“She put a fish in your closet?” I ask incredulously.
“In all our closets. I’ve tossed mine in the trash and scrubbed the shelf it was on with every fucking cleaning product in this place, but the smell is still lingering. I think it’s in the fibers of my clothes.”
“Oh, hell no,” I say, starting to jog up the stairs. The smell gets worse with every step I take, forming a foul crescendo in the upstairs hallway. All I can think about are my expensive suits that are all dry-clean only. It’ll cost me a fortune to rid them of the smell.
When I open the door to my room, the odor takes my breath away. I put my arm over my nose, heading straight for the closet. I don’t see the fish immediately, but when I do, I gag. It’s not just a fillet of salmon. It’s a whole fish with a head, eyes, fins, and scales. It looks at me with an accusing stare. Why the hell have you pissed off a woman enough that she’s wasted me in revenge?
I grit my teeth, heading back into my room to find something I can bag it up in for disposal, and while I do, I swear and grumble, cursing my brother and his stupid vengeful attitude. I hope Cora left him a whole fucking school of stinky fish because I don’t deserve this.
As I wrap the fish in a plastic grocery bag, noise echoes from downstairs and footsteps begin to thud closer. Expecting it to be the rest of my brothers, I stick my head into the hallway. My mouth is open when I find Cora, flanked by five friends, holding their noses, and staring at me.
“You know, you guys really need to clean this house,” Cora says, screwing up her face. “Even frat houses never smelled this bad.”
There’s a ripple of laughter behind her as she uses a key to unlock the master suite. “Don’t worry, guys. My room smells great, and I have candles to burn off any smell that spreads.”
A girl with curly black hair stares at the bag in my hand with wide eyes. There’s a guy with Cora who looks like Travis Barker’s younger better-looking brother, and two girls who look like they were cheerleaders at college.
I’m too shocked at Cora’s bravado to say anything before they disappear into her room and close the door behind them.
By the time Alden, Danny, and Tobias have removed all the offending fish and cleaned and aired their rooms we’re all starving and sworn off fish for life. Alden orders Chinese food, and we gather in the kitchen to regroup. “I can still smell it,” Tobias grumbles. He brings the bare skin of his forearm to his nose and inhales. “I swear the smell has gotten into my skin.”

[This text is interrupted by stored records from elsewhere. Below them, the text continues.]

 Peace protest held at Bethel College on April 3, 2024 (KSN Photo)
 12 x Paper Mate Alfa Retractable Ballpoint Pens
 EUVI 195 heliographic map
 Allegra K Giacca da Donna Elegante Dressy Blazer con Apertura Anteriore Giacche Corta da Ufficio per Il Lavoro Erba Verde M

Danny leans forward to sniff the general area around Tobias. “I don’t smell anything, Tobe. I think it’s all in your head.”
“It’s not. I swear.”
“She got us good.” River shakes his head and then chuckles darkly. “I reckon Danny’s cursing the day he started this fucking vendetta shit.”
“No fucking way!” Danny shouts. “Where’s the fun in pranking someone who’s just going to cry about it? Cora is proving herself to be a very worthy adversary.” He says the last part in a faux British accent, and I roll my eyes at my brother’s stupidity. I swear he needs to find a good woman who will keep him on the straight and narrow. Left to his own devices, he’s a wild animal with the sense of a gnat.

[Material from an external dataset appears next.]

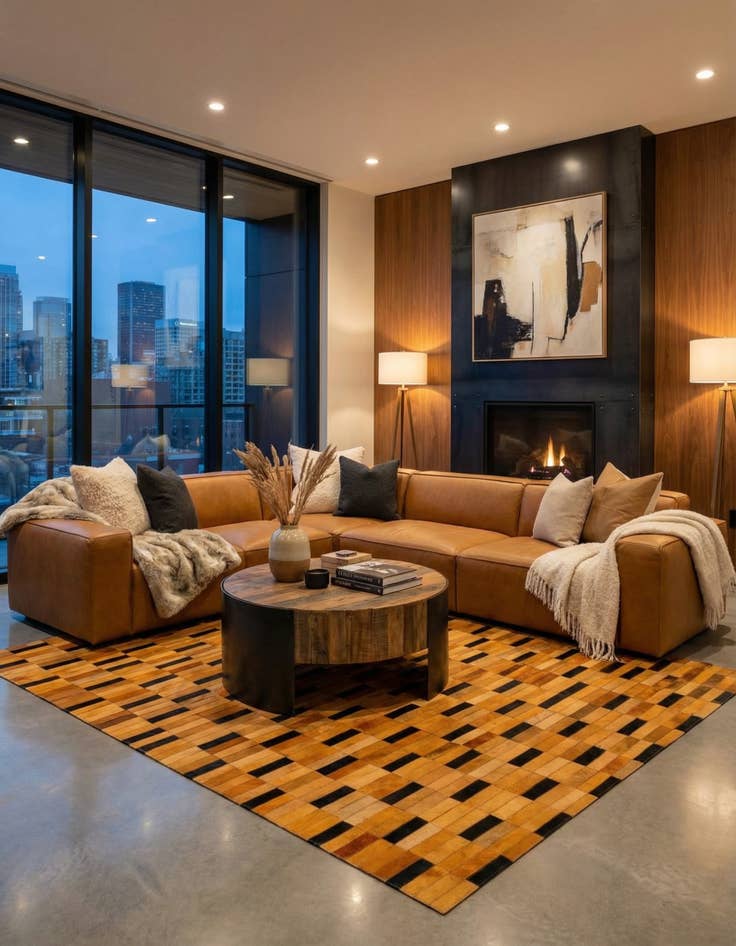 Detail image of 5' x 7' 11 Cowhide - Patchwork Rug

“You’re intending to keep this going?” I ask, already knowing the answer.
“Hell yeah. She’s not going to get away with any of it. If she wants to up the ante, we will too.”
“When you say ‘we,’ are you including me in your ridiculous game?”
“Of course,” Danny says. “If you’re not for us, you’re against us. Do you want to be against us, Mark?”
Before I get a chance to answer, the doorbell chimes, signaling the takeout’s arrival, and feet begin to thunder down the stairs. Danny is up and out of his seat like a sprinter, already anticipating that Cora might try to steal the food before we get a chance to eat it. I follow, worrying that I will need to step between them if things get heated. I know my brother would never be physically aggressive towards a woman, but he has a sharp tongue, and this whole thing is escalating out of control. In the hallway, we all gather, and a staring standoff begins. Eventually, I open the front door to find a delivery driver with what looks like enough food and drink to feed the five thousand.
It’s not Chinese food.
“Delivery for Cora,” the delivery driver says, reaching out to hand me a bag filled with bottles and cans.